Yesterday, I was at my beautiful sister’s beautiful sister-in-law, Adrienne’s (from hence forth I will refer to her as my sister as well because we are family and we don’t need to bring this law business into it) bachelorette party, and we were talking about life and its’ glorious mysteries aka babies.  Lianna, being the seasoned veteran amongst us, was talking about how moms often refer to their babies as being “delicious”, “edible”, “good enough to eat” etc.  Another lovely lady present, Katie, mentioned a study that was done about this.  The conclusion was that true love desires complete union with the beloved.  








There have been so many occasions that I have been so struck by the beauty of a sunset, sunlight streaming through clouds, etc., and have had this great desire to consume it.  It is not enough to witness the beauty, I want to be a part of it and to have it be a part of me.







Jesus knew this about humans.  My friend Trishey once spoke of this in Eucharistic terms.  She said that Jesus knew us so well, that He became Food for us.  He knew that we would crave for this unfathomable Love to be inside of us.  To touch Him, and receive Him into ourselves.  So He gave Himself as Food and Drink.  It is appropriate that we talked of this yesterday, for today is the day the Church celebrates the Solemnity of the Body and Blood of Christ: Corpus Christi.  

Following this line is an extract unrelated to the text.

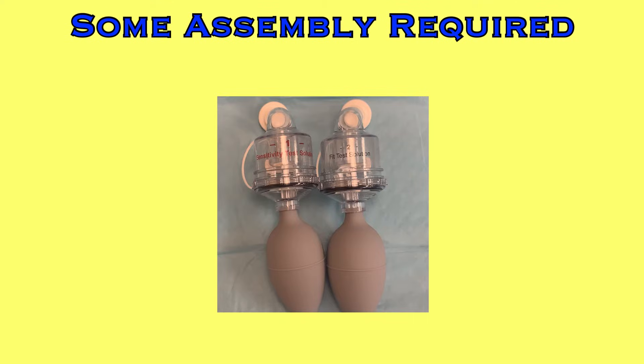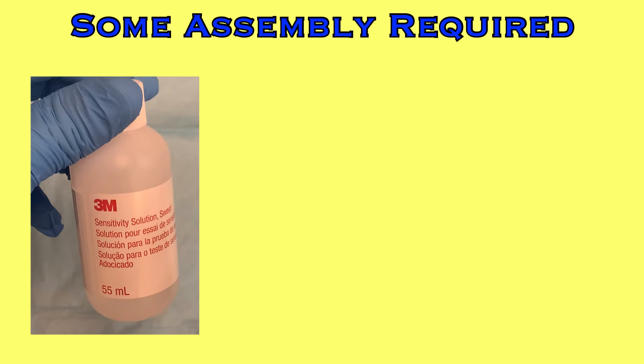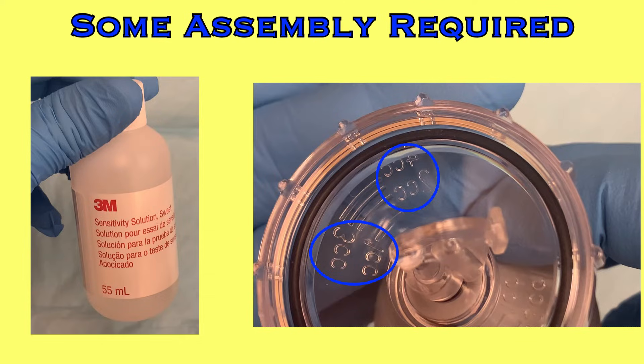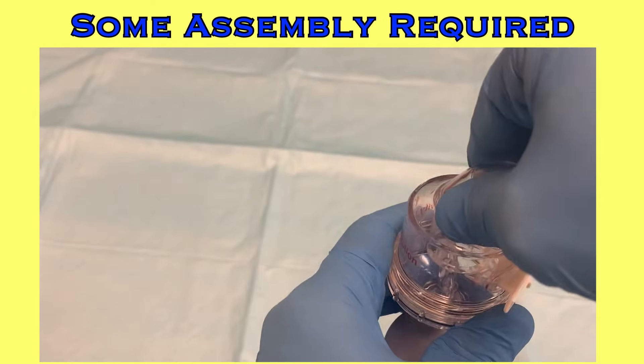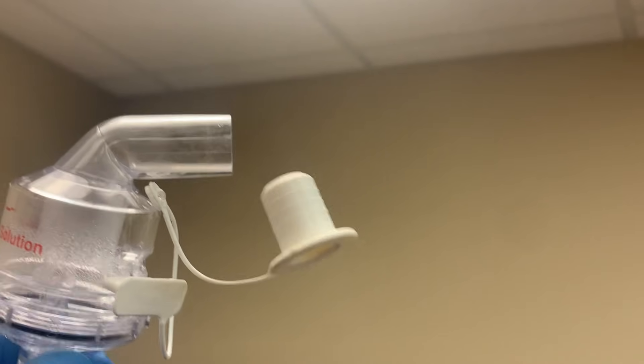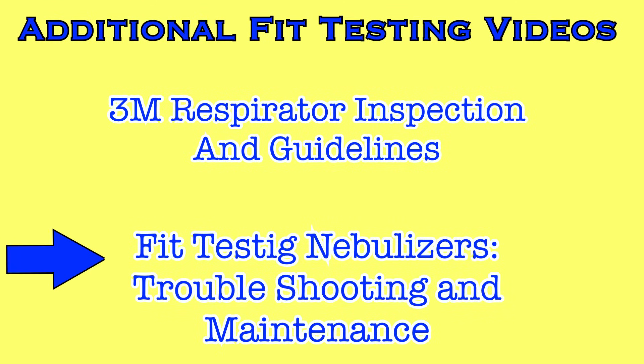Next, take out your nebulizers. They function identically, but the tops should have colored writing — one with red and the other with black — indicating either the red sensitivity solution or the black fit testing solution. Take the red sensitivity solution and fill the base of one of the nebulizers. A little goes a long way. It holds a maximum of four milliliters, but you won't need that much unless fit testing a large number of people. Screw on the top with red writing, open both ports by pulling the white plugs out, then hold the nebulizer in front of a light source and squeeze it. You should see a cloud of solution exiting the tube. If you don't, the nebulizer isn't working properly. See the nebulizer video for assistance.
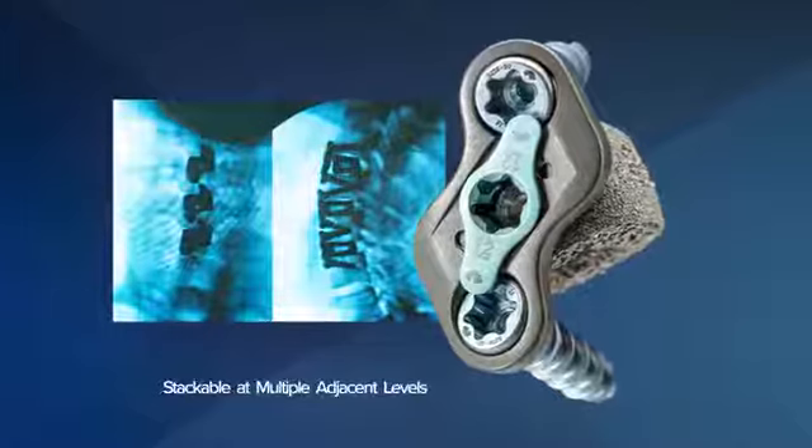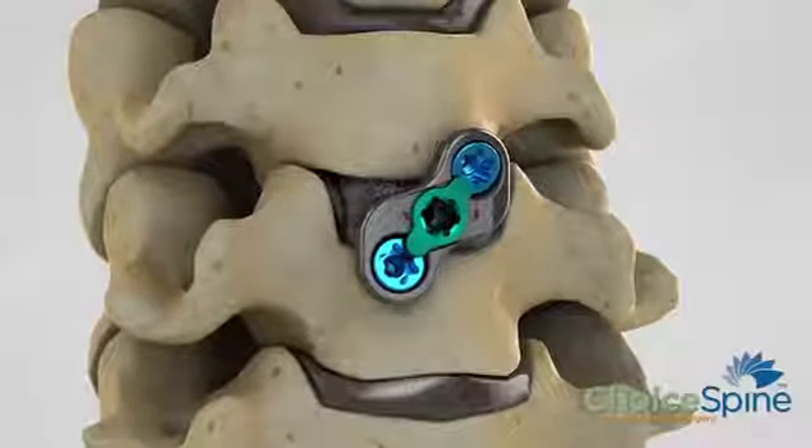One of the other important things about boomerang is that because of its design requiring fewer screws to be placed, it's less invasive and requires less hardware to be placed in the patient.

I was born and raised Catholic.  Born and raised believing that the Eucharist we celebrate at Mass every Sunday, the Eucharist that I receive, is truly the Body and Blood, Soul and Divinity of our Savior.  But, as in the life of the majority of humans, there came a time that “my parents told me it’s true” did not really hold enough water.  Such profound truths must be doubted, questioned, sought, and discovered, in the heart, mind, and soul of each individual human.  I have had these doubts, these questions, I have wrestled with God, argued, cried, wondered, disobeyed, rebelled, but always, always, He called me back to Himself.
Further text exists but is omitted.